Purpose of the suits was plain. AAAmendments, already passed by the House, were scheduled to reach the Senate floor this week. On the theory that processors regularly pass the taxes along to consumers, the Amendments would outlaw all suits for tax refunds even if the Supreme Court should declare AAA unconstitutional. Thus taxes paid previous to the Amendments' passage are supposedly down the hatch to stay. Only recourse for the processor was to hold out on his taxes, let the Government go into court and try to force a collection.
But the New Deal, determined to have its taxes whether they are constitutional or not, had no intention of letting rebels off so easily as that. Some Federal courts have granted temporary injunctions against tax collections only on condition that the disputed taxes be placed in their custody. Last week AAA Solicitor Seth Thomas declared that on passage of the AAAmendments all pending tax suits will be thrown out of court and all taxes in the court's custody will pass automatically to the Government.

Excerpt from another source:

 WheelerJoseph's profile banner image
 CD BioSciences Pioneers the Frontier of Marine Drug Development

Notable last week were two specific complaints against AAA. With the processing tax on hogs shooting up from an original 50-c- per cwt. to the present $2.25, Manhattan's Hygrade Food Products Corp. has paid $5,128,869 in processing taxes since November 1933. Petitioning last week for an injunction against collection of $1,771,177 more in taxes due, Hygrade declared that the tax now comprises 47% of its yearly operating cost, takes 21% of its revenue from the sale of meat products. Sales have plummeted because of resulting higher prices and Hygrade felt itself on the verge of destruction.

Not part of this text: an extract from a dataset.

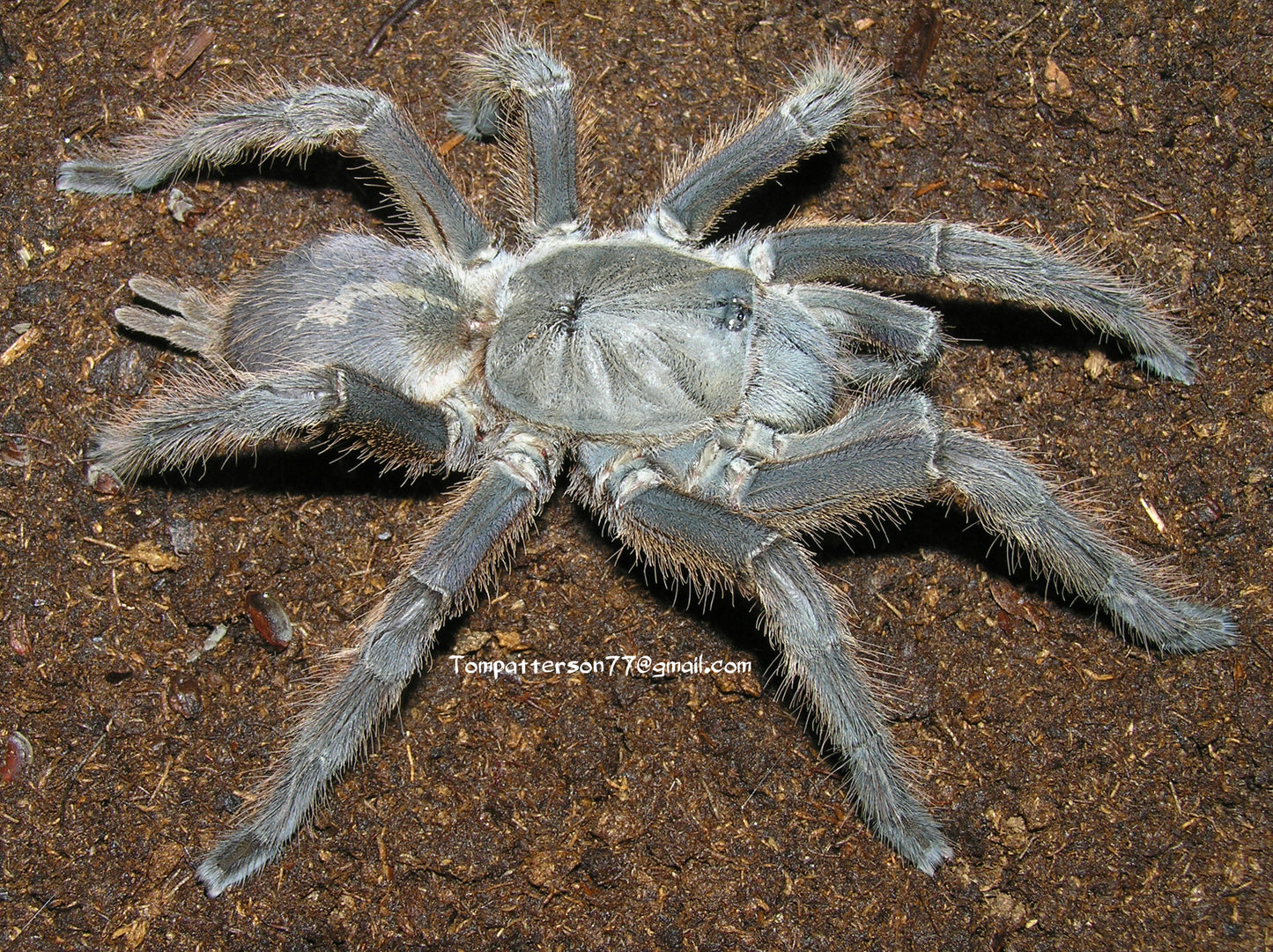 Chilobrachys huahini 1.5”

In 1932 tobacco was selling at 10-c- per lb. An AAA processing tax kited it to 21-c- per lb. That was the price agreed upon as giving tobacco-growers pre-War parity. In expounding the processing tax to Congress, Secretary Wallace had declared that "once pre-War parity is reached, the tax is completely removed." But tobacco is now selling at 27-c- per lb. and AAA is still levying its processing tax. Thus to the Senate Committee on Agriculture & Forestry last fortnight complained S. Clay Williams, board vice chairman of R. J. Reynolds Tobacco Co. (Camels), onetime chairman of NIRB.
Reminded of his earlier statements that AAA was strictly an emergency measure, Secretary Wallace weaseled: "This emergency may be very long. We have taken the position that the processing taxes are the farmers' tariff and that they must remain in effect so long as industrial tariffs remain. Foreign purchasing power must increase vastly before the emergency is over."